▶ [DATASET RECORDS]
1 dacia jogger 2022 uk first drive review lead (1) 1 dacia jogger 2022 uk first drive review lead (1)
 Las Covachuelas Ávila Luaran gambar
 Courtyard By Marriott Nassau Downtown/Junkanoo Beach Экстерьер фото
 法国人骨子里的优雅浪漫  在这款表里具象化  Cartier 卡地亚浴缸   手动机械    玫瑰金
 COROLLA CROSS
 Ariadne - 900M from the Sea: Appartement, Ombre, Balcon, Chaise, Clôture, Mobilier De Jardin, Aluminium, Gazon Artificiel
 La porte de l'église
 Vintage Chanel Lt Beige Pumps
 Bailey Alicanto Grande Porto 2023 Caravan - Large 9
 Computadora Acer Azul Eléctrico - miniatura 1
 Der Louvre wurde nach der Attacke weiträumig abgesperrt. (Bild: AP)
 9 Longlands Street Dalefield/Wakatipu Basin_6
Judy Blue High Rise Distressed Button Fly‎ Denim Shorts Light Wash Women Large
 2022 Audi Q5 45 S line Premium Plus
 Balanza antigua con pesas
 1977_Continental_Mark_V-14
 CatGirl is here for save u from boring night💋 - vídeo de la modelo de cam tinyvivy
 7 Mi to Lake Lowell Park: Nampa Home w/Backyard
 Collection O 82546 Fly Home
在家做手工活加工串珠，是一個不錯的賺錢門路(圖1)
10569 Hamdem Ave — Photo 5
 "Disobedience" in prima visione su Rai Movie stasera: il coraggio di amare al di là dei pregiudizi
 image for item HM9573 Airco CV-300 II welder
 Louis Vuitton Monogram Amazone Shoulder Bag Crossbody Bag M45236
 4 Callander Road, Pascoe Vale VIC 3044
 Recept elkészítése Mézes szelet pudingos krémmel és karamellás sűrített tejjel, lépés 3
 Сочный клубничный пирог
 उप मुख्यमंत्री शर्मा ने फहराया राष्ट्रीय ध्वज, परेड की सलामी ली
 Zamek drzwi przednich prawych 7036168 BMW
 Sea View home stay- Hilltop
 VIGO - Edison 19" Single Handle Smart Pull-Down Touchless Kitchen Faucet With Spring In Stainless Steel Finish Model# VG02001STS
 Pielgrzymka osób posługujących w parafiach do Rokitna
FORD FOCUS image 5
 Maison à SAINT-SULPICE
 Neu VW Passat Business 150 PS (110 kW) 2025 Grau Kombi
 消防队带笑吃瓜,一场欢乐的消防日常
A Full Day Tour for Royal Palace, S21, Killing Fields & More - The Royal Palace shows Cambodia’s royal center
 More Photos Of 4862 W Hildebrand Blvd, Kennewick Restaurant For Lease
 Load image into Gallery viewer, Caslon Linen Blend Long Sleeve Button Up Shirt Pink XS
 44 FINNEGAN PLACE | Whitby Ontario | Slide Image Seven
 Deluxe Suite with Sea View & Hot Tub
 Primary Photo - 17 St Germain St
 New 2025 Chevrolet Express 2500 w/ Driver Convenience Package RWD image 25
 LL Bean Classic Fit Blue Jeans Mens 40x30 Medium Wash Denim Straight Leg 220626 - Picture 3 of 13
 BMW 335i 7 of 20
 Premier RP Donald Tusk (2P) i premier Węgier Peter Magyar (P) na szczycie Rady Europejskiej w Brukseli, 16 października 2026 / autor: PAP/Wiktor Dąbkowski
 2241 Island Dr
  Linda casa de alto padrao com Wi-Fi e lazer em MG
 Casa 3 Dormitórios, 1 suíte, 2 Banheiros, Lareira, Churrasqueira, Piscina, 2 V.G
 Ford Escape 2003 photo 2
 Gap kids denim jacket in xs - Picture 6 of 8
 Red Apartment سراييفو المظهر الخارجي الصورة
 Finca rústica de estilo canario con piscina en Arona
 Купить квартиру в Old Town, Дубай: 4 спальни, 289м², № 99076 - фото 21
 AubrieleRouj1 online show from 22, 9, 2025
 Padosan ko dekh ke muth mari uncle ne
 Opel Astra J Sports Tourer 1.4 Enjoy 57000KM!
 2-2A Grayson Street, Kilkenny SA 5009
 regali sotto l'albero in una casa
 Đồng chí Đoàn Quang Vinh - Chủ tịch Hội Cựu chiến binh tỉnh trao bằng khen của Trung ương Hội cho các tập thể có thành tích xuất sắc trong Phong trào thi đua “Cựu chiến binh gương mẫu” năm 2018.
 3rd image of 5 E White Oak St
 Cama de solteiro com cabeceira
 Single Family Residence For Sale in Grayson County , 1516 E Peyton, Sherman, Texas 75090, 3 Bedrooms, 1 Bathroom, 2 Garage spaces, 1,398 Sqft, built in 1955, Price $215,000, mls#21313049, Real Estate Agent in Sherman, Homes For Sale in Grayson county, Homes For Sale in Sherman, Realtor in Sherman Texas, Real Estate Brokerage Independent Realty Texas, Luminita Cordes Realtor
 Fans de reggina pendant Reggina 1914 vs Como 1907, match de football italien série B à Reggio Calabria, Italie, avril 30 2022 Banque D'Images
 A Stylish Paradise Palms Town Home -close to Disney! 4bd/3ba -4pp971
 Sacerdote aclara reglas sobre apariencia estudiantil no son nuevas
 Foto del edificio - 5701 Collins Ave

▶ [WHAT TO WORK ON]
Take every line above where "Large" appears and copy it.

▶ [TASK RESULT]
 Bailey Alicanto Grande Porto 2023 Caravan - Large 9
Judy Blue High Rise Distressed Button Fly‎ Denim Shorts Light Wash Women Large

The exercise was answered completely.